La chiamano la rivoluzione degli ombrelli per dare una centralità all’oggetto che in questi giorni li ha riparati dal sole cocente e dai lacrimogeni della polizia.

Sono gli studenti di Hong Kong, scesi in strada a migliaia per chiedere non l’iPhone 6 o l’ultima felpa di Abercrombie, ma la possibilità di scegliere i candidati alle prossime elezioni della città, da sempre porta della Cina sull’Occidente. O potremmo anche dire sul mondo libero, se non fosse per il dettaglio che i successi dell’economia cinese ci fanno spesso dimenticare le ombre dittatoriali di un regime tutt’altro che democratico.

Il problema non è di semplice soluzione. I ragazzi vogliono scegliere i candidati, il governo di quella che si chiama pur sempre Repubblica popolare ha invece altre abitudini. Liste bloccatissime, candidati blindatissimi, tutto predefinito. Il governatore Leung ha tentato di disperdere la folla con i lacrimogeni della polizia e gli spray urticanti, ma la cosa non ha funzionato: 40 feriti fra i quali 12 poliziotti, 78 arrestati e la gente per strada più di prima, rafforzata dalla presenza di mamme premurose e papà convinti ma un po’ scettici.

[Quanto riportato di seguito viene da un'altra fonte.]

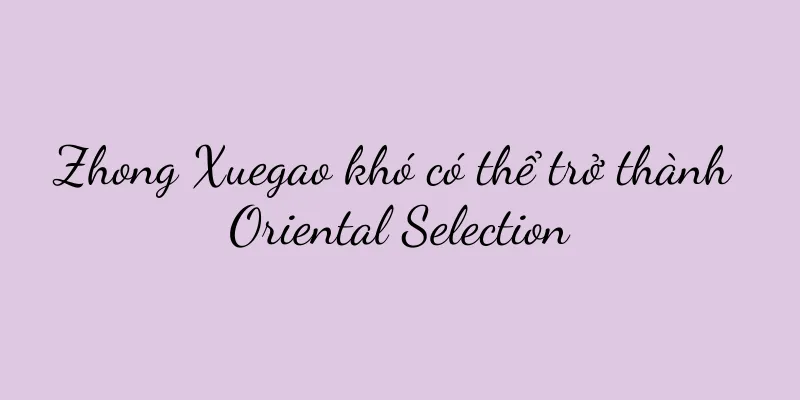 Zhong Xuegao khó có thể trở thành Oriental Selection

Anche il cardinale Joseph Zen, 82 anni, è in piazza con la gente. L’iniziativa si chiama Occupy Admiral, il centro di Hong Kong, e nelle ultime ore la polizia sembra sparita. Il sembra fa tutta la differenza del mondo e nessuno, neppure i più fanatici, crede che sia finita qui. Basta aspettare. In fondo la Cina è grande, la sua saggezza è enorme e il massacro di piazza Tien An Men ha solo 25 anni. In Cina ancora nessuno sa che è avvenuto.